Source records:
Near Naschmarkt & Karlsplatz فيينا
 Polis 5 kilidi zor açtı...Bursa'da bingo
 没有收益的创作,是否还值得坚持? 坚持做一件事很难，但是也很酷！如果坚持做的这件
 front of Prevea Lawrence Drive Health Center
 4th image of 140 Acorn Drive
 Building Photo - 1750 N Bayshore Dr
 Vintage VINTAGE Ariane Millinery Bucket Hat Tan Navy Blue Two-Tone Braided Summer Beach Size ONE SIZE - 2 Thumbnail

◆ HOW TO COMPLETE THIS TASK
Please output each record exactly as it appears above.

◆ ANSWER TO THIS TASK
Near Naschmarkt & Karlsplatz فيينا
 Polis 5 kilidi zor açtı...Bursa'da bingo
 没有收益的创作,是否还值得坚持? 坚持做一件事很难，但是也很酷！如果坚持做的这件
 front of Prevea Lawrence Drive Health Center
 4th image of 140 Acorn Drive
 Building Photo - 1750 N Bayshore Dr
 Vintage VINTAGE Ariane Millinery Bucket Hat Tan Navy Blue Two-Tone Braided Summer Beach Size ONE SIZE - 2 Thumbnail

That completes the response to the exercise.